# Exercise requirements:
In the listing below, find the line containing "Close-up view of" and the line containing "Família reunida, discutindo", then copy exactly everything from the first through the second, except the pictures.

# Provided data:

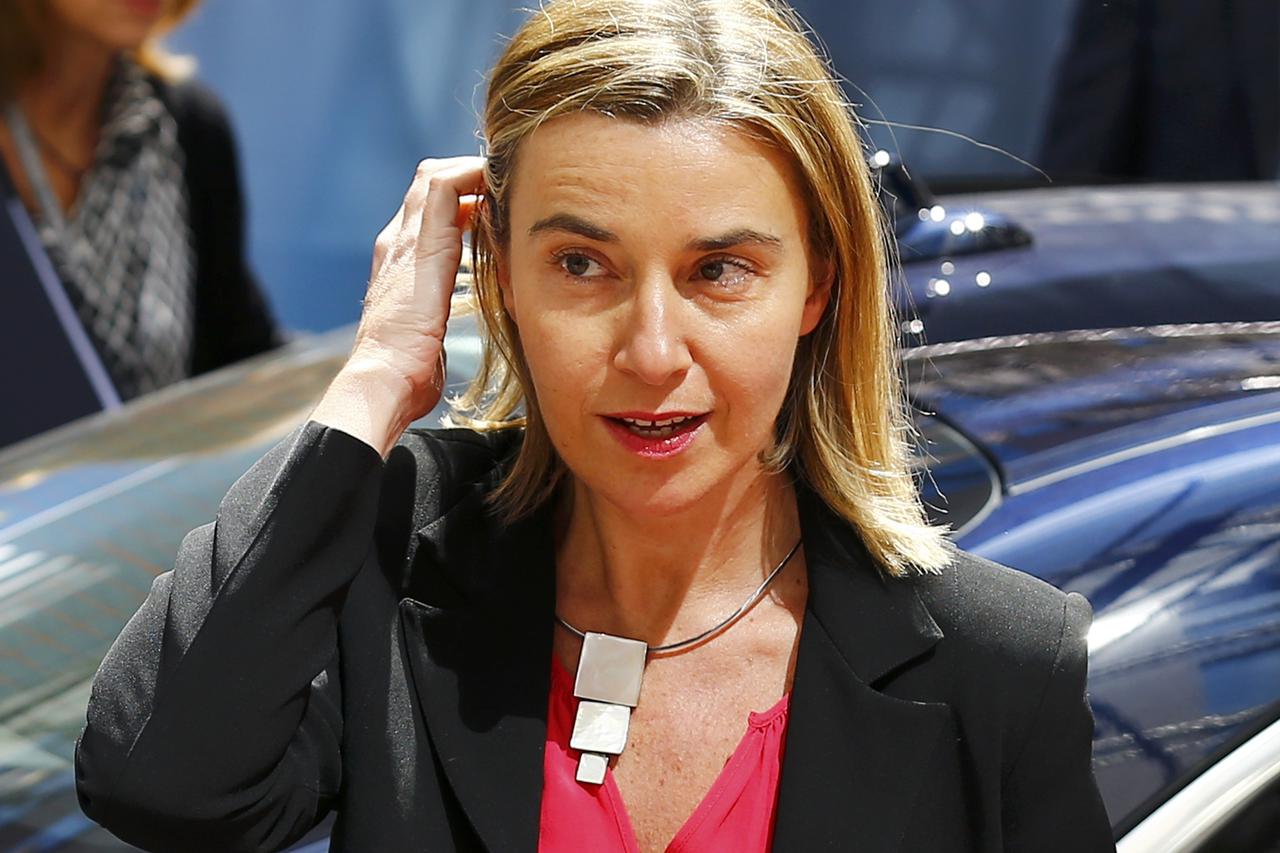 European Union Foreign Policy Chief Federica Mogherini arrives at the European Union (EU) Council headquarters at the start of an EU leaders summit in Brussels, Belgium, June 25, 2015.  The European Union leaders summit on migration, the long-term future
...
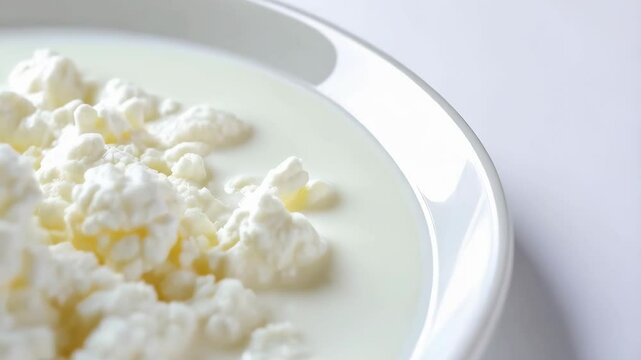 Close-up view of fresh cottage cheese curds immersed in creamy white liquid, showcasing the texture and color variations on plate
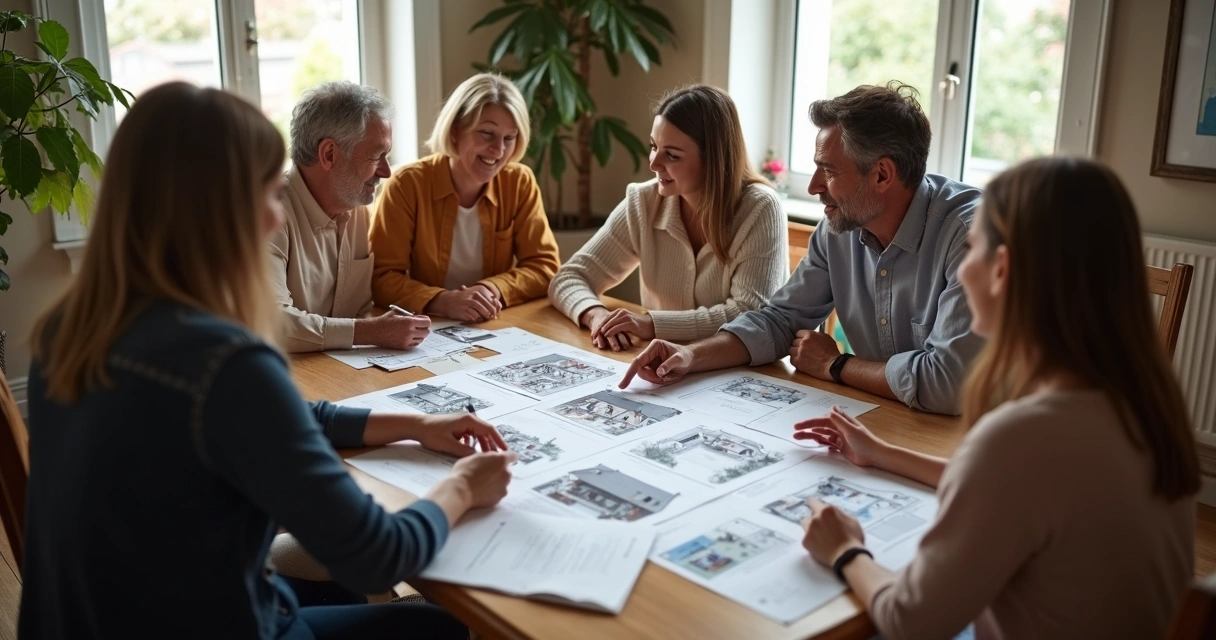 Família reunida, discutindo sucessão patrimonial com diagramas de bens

# Expected output:
 Close-up view of fresh cottage cheese curds immersed in creamy white liquid, showcasing the texture and color variations on plate
 Família reunida, discutindo sucessão patrimonial com diagramas de bens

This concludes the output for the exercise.